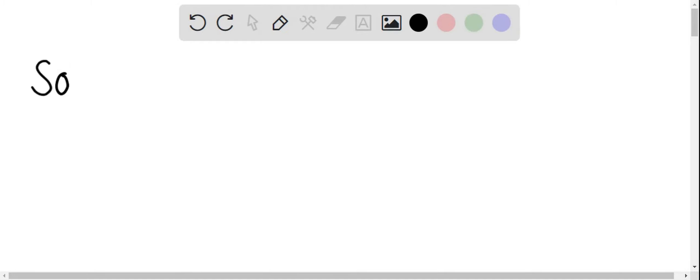To solve for this, since there is no other temperature given...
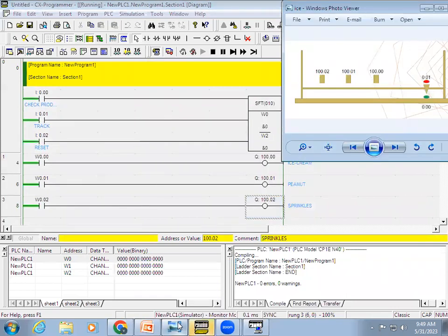You can see in this image what happens on the conveyor. The cone will come in and it can be a good product or a bad product because the conveyor is continuously running. If it is a good product, all three outputs should activate: the ice cream will be placed, the peanut will be placed, and the sprinkles will be sprayed.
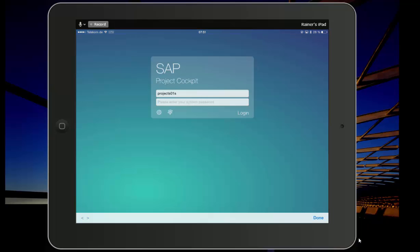Dear colleagues, let me show you a brand new application that we will make available as of May 2015 on your Apple devices.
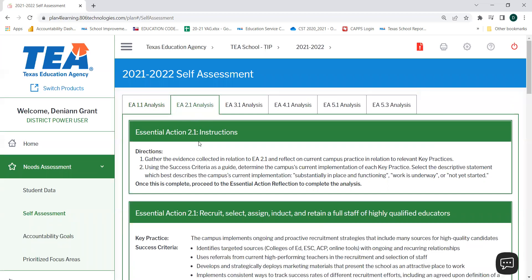Now that I'm in the essential action 2.1 analysis tab, I will complete this page using the activities that we just saw earlier. Thank you.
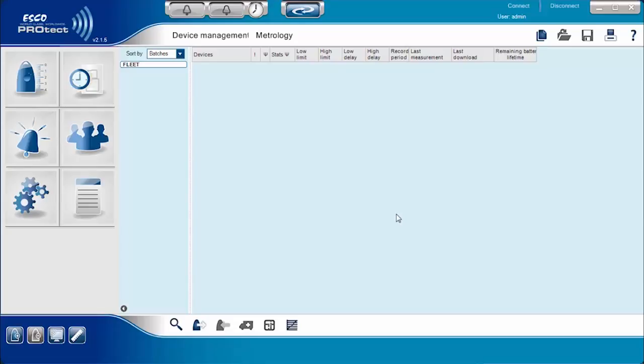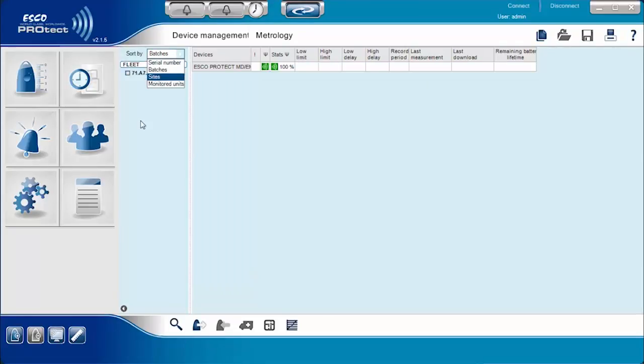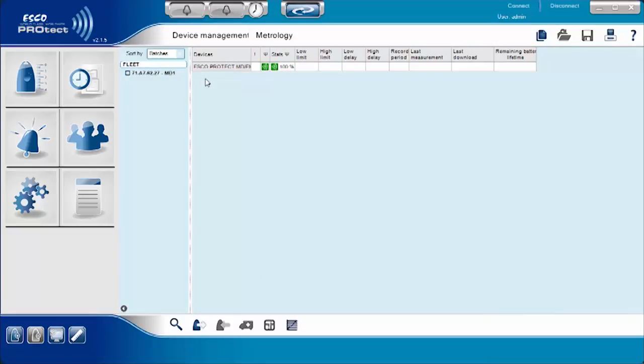Before connecting the ProTech device, the user must connect the ProTech modem first. There are two different modems on the ProTech software system. The first is the EMD-1, where users can connect a PC and a modem through a network connection using an Ethernet port. The second is the MD-1, where users can connect a modem directly to a PC via USB connection. In this particular video presentation, we are using the MD-1 modem.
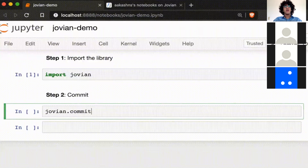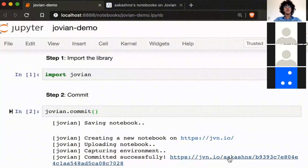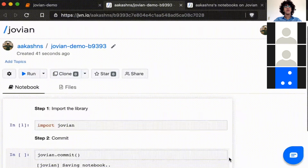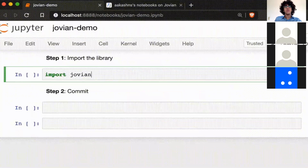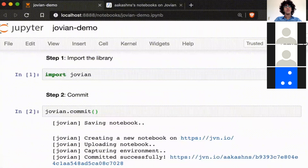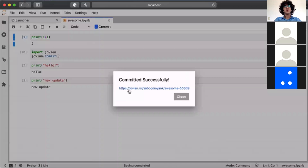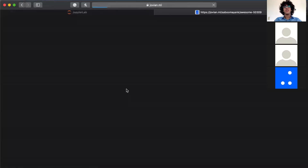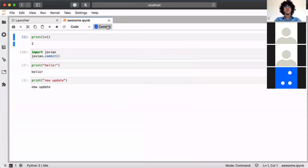Another way to do it was to import the Jovian library and execute a line of code — jovian.commit — to save and upload these projects to the Jovian platform. We came up with a one-click solution where just clicking a button uploads the project to Jovian.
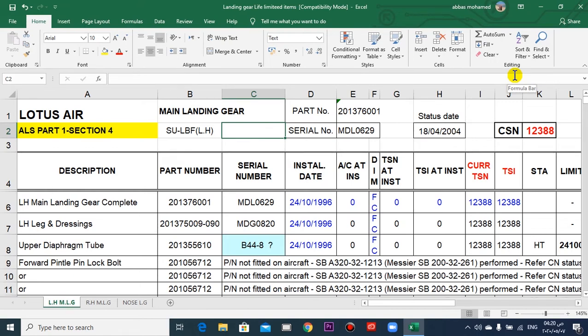Have a nice day everyone. As we explained for the life-limited parts of the engines, there are also life-limited parts for the landing gear: the two main landing gear, left and right, and the nose landing gear.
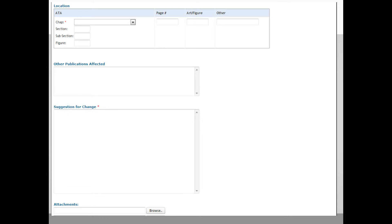When filling in the information into the Suggestion for Change block, be as detailed as possible. This section is the heart of the PCR and needs to convey the entire message you want to communicate to customer support. Incomplete or unclear dialogue in this block could result in the rejection of the PCR. Take your time and be as thorough as possible. Attachments of screenshots or pictures showing the requested change can also be added to the PCR to express the issue to the reviewer.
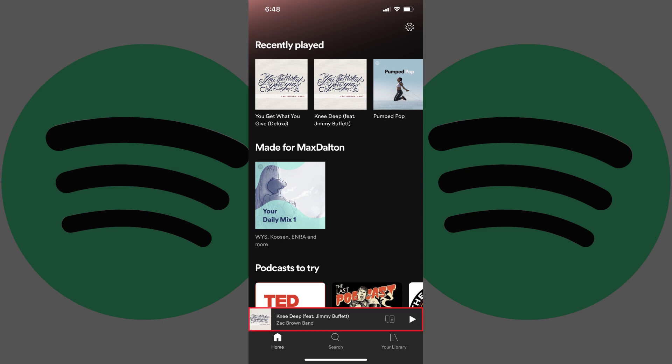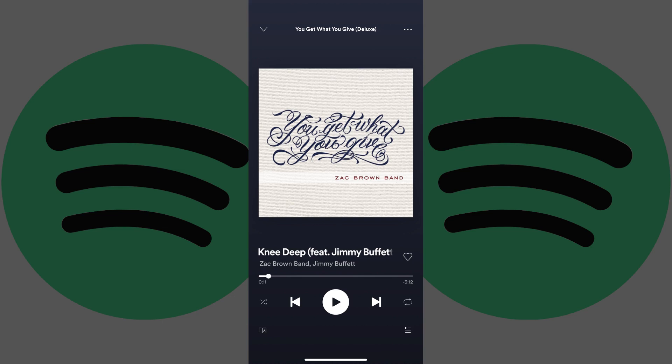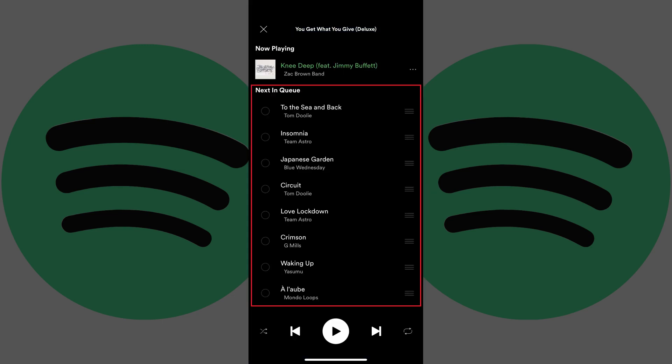Step 1: Launch the Spotify app on your iPhone, iPad, or Android device. Step 2: Tap to either play a song or podcast, or tap to expand the controls for a song or podcast that you're currently playing. The onscreen controls are displayed. Step 3: Tap the queue icon on the screen. The queue icon features three horizontal lines with a play icon at the top of it. Your Spotify queue is displayed.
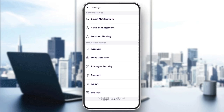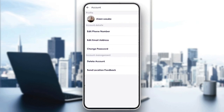And in the universal settings, you're going to find account, drive detection, privacy and security, and so on. As you can see guys, in the settings there is no option to access your history or to delete it. So the only way that you can use to delete your history is by deleting your account. In order to do that, just click on account under universal settings, and then you're going to find the delete account option here in the bottom.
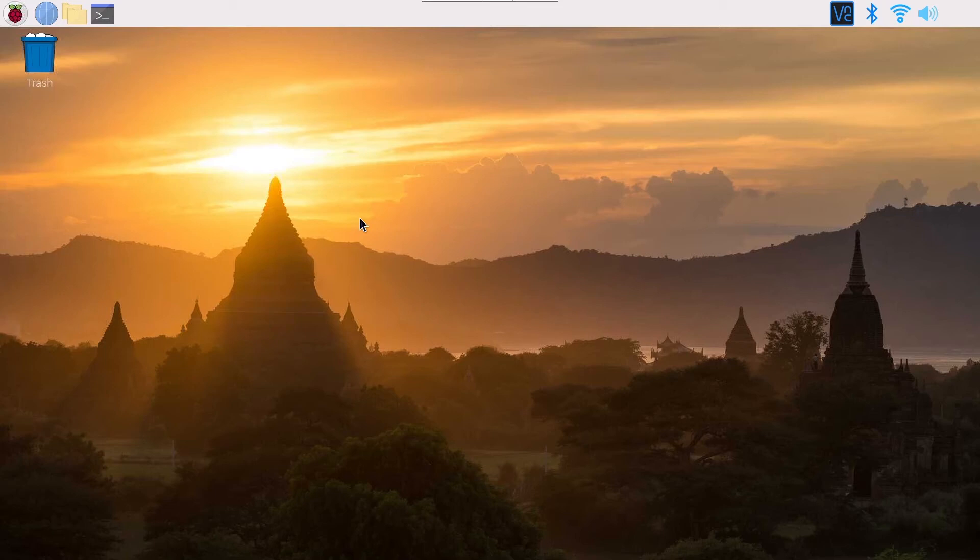In this tutorial I'm going to show you how to simply enable I2C on your Raspberry Pi with the Raspberry Pi operating system.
────────
> [Your assignment]: While leaving pictures out, reproduce exactly the lines from the beginning of the listing above through the line containing "Have a nice", both ends included.

> [Output]:
To solve for this, since there is no other temperature given...
You can see in this image what happens on the conveyor. The cone will come in and it can be a good product or a bad product because the conveyor is continuously running. If it is a good product, all three outputs should activate: the ice cream will be placed, the peanut will be placed, and the sprinkles will be sprayed.
Dear colleagues, let me show you a brand new application that we will make available as of May 2015 on your Apple devices.
Now that I'm in the essential action 2.1 analysis tab, I will complete this page using the activities that we just saw earlier. Thank you.
Before connecting the ProTech device, the user must connect the ProTech modem first. There are two different modems on the ProTech software system. The first is the EMD-1, where users can connect a PC and a modem through a network connection using an Ethernet port. The second is the MD-1, where users can connect a modem directly to a PC via USB connection. In this particular video presentation, we are using the MD-1 modem.
Another way to do it was to import the Jovian library and execute a line of code — jovian.commit — to save and upload these projects to the Jovian platform. We came up with a one-click solution where just clicking a button uploads the project to Jovian.
Have a nice day everyone. As we explained for the life-limited parts of the engines, there are also life-limited parts for the landing gear: the two main landing gear, left and right, and the nose landing gear.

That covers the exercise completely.